The basic idea was to put a big sphere of a dense material next to a small sphere of dense material. Cavendish chose lead. He made one big ball with radius 5.6 inches, and one small ball with radius 1.9 inches. He then placed them next to each other, with a gap of just 0.5 inches between their closest surfaces.

How large was the attractive force of gravity between these two balls?
Homework Equations: F=G(mass1)(mass2)/(radius)^2
G=6.67 * 10 ^(-11)

total radius=((5.6in)+(1.9in)+(0.5in))(0.0254m) = 0.203m

(mass1)(9.8m/s^2)=(6.67 * 10 ^(-11) ) (mass1)(mass2)/( (5.6in)(0.0254 m) )^2
mass2=2.97 * 10^(9) kg

(mass2)(9.8m/s^2)=(6.67 * 10 ^(-11) ) (mass1)(mass2)/( (1.9in)(0.0254 m) )^2
mass1=342.2 * 10^(6) kg

F=(6.67 * 10 ^(-11) )(342.2 * 10^(6)) (2.97 * 10^(9)) / (0.203m)^2
F=1.645 * 10^(9) N
Apparently this incorrect. I don't know why.

 

[Andrew Mason]

The problem is your determination of m1 and m2. Why are you using 9.8 m/sec^2? Show us your work in determining these masses.

AM

 

[ac7597]

Do I need to find the mass of both objects? Can I somehow cancel them out of the equation?

 

[PeroK]

Do I need to find the mass of both objects? Can I somehow cancel them out of the equation?

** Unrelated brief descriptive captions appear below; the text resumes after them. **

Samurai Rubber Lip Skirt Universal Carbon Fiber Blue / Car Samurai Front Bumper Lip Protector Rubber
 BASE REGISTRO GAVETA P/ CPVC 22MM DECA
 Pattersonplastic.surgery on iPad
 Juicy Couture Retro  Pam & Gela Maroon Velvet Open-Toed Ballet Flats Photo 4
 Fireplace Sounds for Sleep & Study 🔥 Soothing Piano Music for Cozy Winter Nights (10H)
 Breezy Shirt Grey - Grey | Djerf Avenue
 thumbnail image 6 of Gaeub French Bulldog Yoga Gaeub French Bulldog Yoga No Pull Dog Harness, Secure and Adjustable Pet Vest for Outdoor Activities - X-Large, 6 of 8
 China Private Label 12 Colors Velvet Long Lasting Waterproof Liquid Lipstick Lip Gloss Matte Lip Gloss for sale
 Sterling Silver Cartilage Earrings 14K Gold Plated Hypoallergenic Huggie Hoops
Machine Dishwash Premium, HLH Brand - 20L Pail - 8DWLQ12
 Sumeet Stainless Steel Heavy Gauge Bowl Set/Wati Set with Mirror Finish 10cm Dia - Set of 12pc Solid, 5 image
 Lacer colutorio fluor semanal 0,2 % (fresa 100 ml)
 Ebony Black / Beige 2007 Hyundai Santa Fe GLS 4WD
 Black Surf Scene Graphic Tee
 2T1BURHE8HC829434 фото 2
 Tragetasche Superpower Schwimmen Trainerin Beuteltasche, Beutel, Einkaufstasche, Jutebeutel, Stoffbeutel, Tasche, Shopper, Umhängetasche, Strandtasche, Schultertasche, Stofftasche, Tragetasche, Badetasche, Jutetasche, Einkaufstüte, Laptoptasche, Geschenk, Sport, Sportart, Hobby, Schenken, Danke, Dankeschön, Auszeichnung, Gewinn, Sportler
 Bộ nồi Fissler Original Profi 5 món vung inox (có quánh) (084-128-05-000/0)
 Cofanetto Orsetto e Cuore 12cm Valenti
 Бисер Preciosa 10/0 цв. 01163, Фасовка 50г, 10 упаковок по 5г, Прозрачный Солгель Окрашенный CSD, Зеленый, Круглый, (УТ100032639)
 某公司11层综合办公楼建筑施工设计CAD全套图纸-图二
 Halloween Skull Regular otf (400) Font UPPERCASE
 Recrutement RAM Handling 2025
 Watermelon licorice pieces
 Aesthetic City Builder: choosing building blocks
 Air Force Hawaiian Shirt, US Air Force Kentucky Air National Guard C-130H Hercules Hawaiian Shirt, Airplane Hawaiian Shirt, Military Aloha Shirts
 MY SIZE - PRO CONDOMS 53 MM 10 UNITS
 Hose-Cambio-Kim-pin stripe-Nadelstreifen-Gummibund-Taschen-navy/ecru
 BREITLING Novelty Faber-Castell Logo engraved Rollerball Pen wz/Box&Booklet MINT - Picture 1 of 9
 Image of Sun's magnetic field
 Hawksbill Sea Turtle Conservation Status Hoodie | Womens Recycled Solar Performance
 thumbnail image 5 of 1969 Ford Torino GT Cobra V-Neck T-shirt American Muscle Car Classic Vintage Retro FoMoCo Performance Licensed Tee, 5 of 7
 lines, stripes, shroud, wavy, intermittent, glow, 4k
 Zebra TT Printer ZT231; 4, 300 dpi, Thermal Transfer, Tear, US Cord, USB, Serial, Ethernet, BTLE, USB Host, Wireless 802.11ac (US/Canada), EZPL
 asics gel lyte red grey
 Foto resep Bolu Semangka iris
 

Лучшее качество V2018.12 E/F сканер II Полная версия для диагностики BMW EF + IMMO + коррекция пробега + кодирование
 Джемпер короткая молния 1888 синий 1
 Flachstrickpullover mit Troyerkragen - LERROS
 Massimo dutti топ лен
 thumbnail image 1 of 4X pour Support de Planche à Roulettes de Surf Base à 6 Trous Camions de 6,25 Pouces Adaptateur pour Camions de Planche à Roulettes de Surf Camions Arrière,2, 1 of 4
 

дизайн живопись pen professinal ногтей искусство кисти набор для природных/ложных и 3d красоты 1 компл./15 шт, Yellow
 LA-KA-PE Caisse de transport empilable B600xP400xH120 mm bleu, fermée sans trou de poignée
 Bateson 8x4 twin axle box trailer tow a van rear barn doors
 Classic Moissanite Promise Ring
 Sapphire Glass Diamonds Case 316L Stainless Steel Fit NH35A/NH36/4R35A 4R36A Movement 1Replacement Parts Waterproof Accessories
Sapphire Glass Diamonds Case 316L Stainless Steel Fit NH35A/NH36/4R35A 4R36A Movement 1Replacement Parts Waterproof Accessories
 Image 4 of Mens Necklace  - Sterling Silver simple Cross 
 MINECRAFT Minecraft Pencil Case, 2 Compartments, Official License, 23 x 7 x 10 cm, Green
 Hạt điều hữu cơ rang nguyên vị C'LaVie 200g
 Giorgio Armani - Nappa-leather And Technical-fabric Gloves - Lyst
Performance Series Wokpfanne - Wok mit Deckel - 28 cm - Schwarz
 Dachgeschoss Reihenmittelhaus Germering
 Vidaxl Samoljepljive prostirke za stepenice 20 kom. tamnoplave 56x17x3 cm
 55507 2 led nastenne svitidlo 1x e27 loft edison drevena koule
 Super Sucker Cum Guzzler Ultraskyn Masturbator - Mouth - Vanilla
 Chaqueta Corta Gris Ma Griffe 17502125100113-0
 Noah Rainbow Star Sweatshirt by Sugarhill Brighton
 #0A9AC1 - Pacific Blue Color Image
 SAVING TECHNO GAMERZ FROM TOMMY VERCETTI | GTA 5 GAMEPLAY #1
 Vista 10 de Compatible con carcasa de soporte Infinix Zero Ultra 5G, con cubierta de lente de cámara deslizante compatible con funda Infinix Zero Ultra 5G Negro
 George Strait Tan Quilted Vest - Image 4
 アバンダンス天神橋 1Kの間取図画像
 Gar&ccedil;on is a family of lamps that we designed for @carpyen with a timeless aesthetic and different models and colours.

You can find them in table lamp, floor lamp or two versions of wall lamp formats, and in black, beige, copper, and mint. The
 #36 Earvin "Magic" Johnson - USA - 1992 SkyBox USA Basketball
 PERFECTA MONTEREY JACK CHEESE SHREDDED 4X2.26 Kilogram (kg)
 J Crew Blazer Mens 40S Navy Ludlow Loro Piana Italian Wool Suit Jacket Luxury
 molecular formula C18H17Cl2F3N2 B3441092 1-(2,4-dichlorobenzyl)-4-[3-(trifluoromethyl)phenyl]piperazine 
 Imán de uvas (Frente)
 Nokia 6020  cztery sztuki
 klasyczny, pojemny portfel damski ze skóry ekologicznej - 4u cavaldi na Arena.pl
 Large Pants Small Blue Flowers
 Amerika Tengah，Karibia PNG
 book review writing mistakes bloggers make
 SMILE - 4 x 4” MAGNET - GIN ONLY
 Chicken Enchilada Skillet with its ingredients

If force depends on the masses, then how could the masses cancel out?

 

[Andrew Mason]

The density of lead does not appear in your calculations anywhere. You appear to be determining the mass of the balls by assuming that the acceleration of each ball toward the other is 9.8 m/sec^2. That is not correct. You have the mass of a lead ball of radius 1.9 inches at 342 million kilograms!

AM

 

[ac7597]

This the correct force=1.18 * 10^(-6) N ?

 

[Andrew Mason]

This the correct force=1.18 * 10^(-6) N ?

You should show us how you arrived at that answer.

AM

 

[ac7597]

The top portion is for this question

 

[Andrew Mason]

Your method is correct. If you use 11.34 g/cc for the density of lead the answer should work out to 1.18 e-6 N.

AM